At the same time New Labour created the National Frameworks for certain conditions and diseases. I have said before that the national Tsars for Cancer and Coronary Heart Disease, backed up by the Government did more to create a single national clinical approach to these killers than has ever happened before. They have saved thousands of lives through creating this more national approach
So the ‘N’ in the NHS really matters – and since he wants to make this stronger I am really puzzled as to why he wants to give power over local NHS Commissioning to local government.
Local Government, through the election of local councillors, has an essential role to increase the power of locality. Councillors in Walsall get elected on a political platform that argues strongly that Walsall is different from Wolverhampton. This is what local government is. It essentially differentiates locality from locality.
What it isn’t and what it can’t be is something that strengthens a national approach to any service.
It may be a good thing to give the NHS to local government but it won’t make it more national – it will fragment it around locality.
The third policy issue was the role of the private and the voluntary sector as providers. It was interesting to read that he saw that there was a role for the private and the voluntary sector in supporting a publicly accountable NHS. Obviously not a big role, but a role.
I remember in March 2006 there was an enormous fuss about the role of the private sector in providing operations to NHS patients through Independent Sector Treatment Centres. In that month ISTCs carried out 1% of all of the operations carried out on NHS patients
In proportion this was obviously very small. But in impact it was very large. A few percentage points of support from the voluntary and private sectors can have a very big impact.
But there was a further puzzle in the speech. As I say he was in favour of the voluntary and private sector having a supporting role for the NHS, but he was against competition.

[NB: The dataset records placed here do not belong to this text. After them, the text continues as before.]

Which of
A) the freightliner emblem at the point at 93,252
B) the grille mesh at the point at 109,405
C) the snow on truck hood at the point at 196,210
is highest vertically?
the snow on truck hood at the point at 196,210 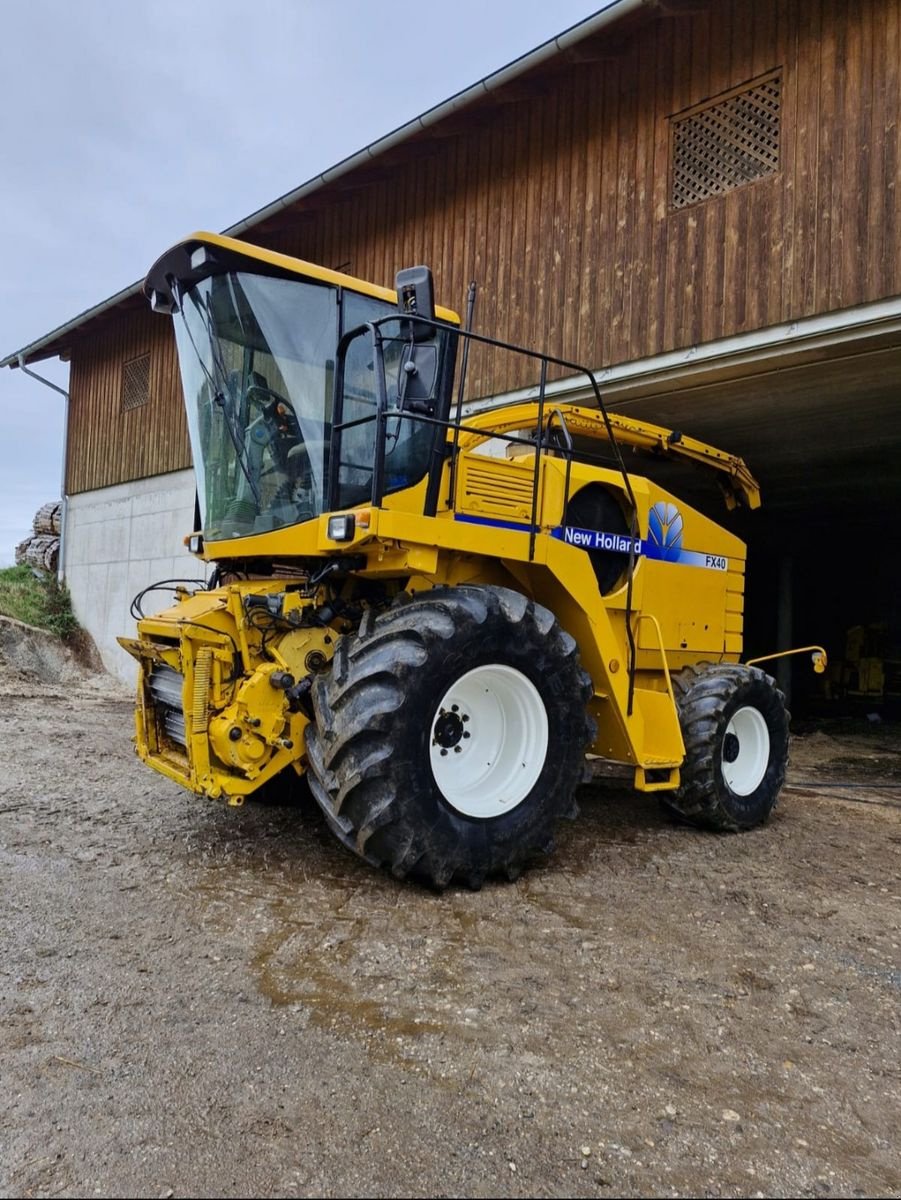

This led me to wonder how the voluntary and private sector could get to play that supporting role. Could he be suggesting that NHS commissioners simply give the contracts to private and voluntary providers without any competition? Just giving the private sector contracts without competition would bring a very large storm down upon his head.
(And would in any case be illegal)
So to get what he wants – voluntary and private sectors providing support to the NHS he has to use competition.
Three issues then from this speech:
1 If you abolish the current Act you will carry out a top down reorganisation in the NHS in 2016.
2 If you give local commissioning power to local government you fragment the ‘N’ in the NHS.
3 If you say you want a supporting role for private and voluntary providers for the NHS, then you need competition to get them that role.